◆ Your goal
Using the data below, output a verbatim copy of the lines between the one holding "配资股市 特雷·杨会去哪儿？奇才领跑争夺战 火箭&快船等队或许同样感兴趣" and the one holding "Acı tabloda Bartın da var", inclusive, without any pictures.

◆ Provided material
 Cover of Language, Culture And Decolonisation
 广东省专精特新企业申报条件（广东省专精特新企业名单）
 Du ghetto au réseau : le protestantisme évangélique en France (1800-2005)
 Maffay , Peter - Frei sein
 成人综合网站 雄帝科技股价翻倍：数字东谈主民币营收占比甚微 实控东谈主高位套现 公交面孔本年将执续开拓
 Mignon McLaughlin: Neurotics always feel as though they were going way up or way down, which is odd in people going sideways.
* * *
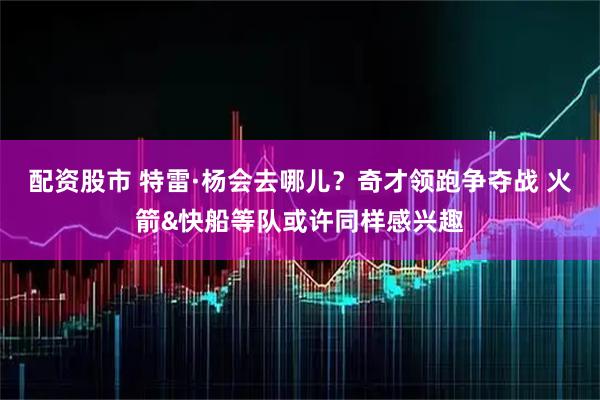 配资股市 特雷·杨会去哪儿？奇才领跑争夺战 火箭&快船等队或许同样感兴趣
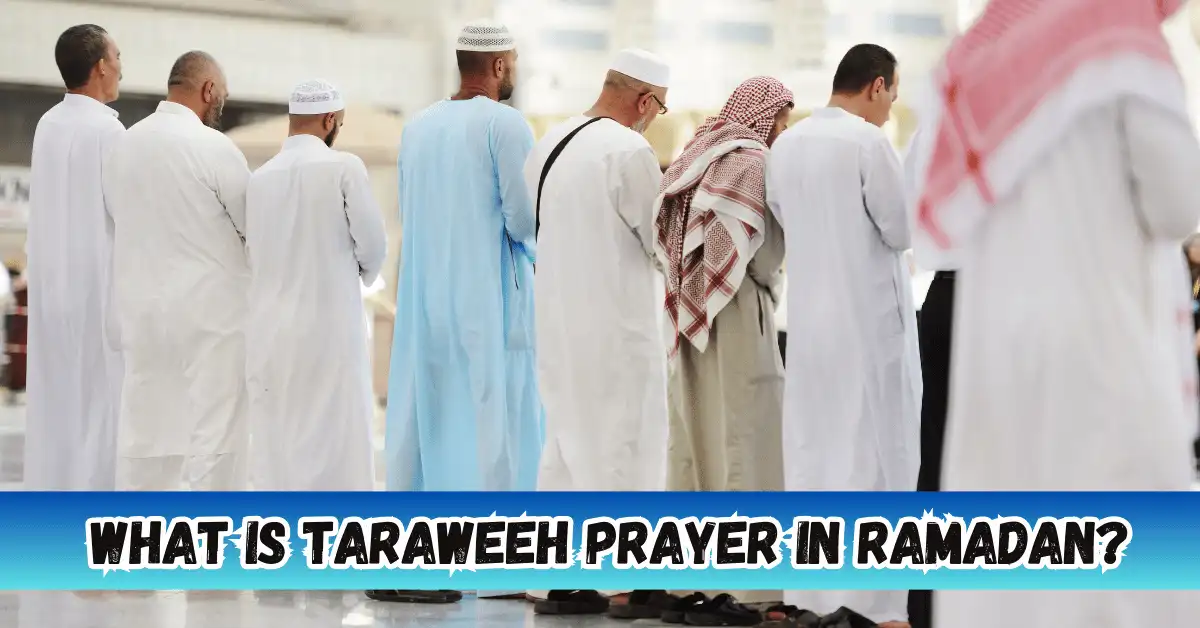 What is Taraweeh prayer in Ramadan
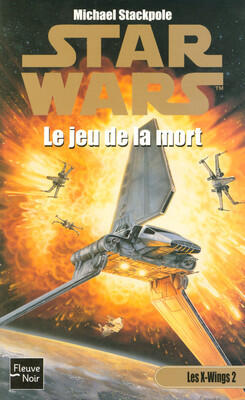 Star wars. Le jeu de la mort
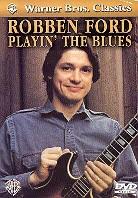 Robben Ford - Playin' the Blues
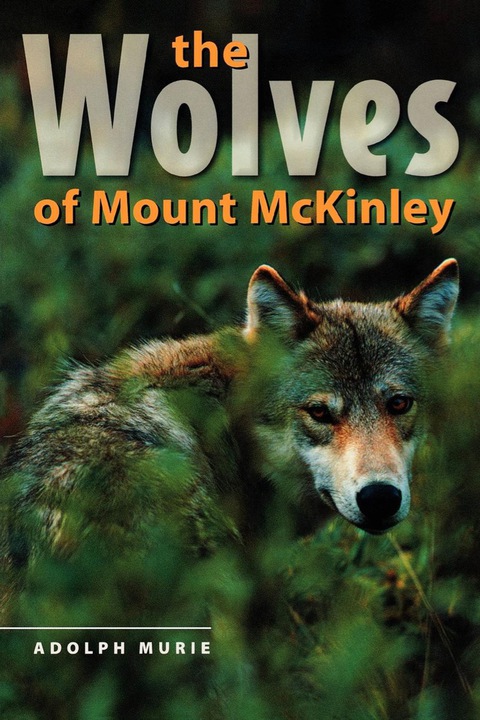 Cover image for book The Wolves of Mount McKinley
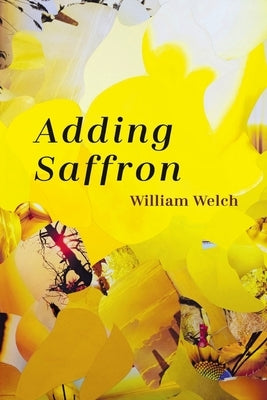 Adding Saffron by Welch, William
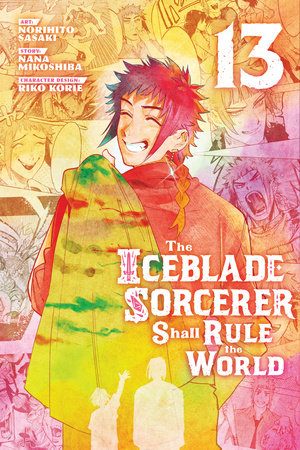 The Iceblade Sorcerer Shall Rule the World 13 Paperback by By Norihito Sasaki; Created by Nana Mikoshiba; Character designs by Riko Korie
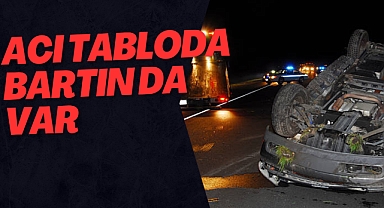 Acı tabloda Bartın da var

◆ Output below
 配资股市 特雷·杨会去哪儿？奇才领跑争夺战 火箭&快船等队或许同样感兴趣
 What is Taraweeh prayer in Ramadan
 Star wars. Le jeu de la mort
 Robben Ford - Playin' the Blues
 Cover image for book The Wolves of Mount McKinley
 Adding Saffron by Welch, William
 The Iceblade Sorcerer Shall Rule the World 13 Paperback by By Norihito Sasaki; Created by Nana Mikoshiba; Character designs by Riko Korie
 Acı tabloda Bartın da var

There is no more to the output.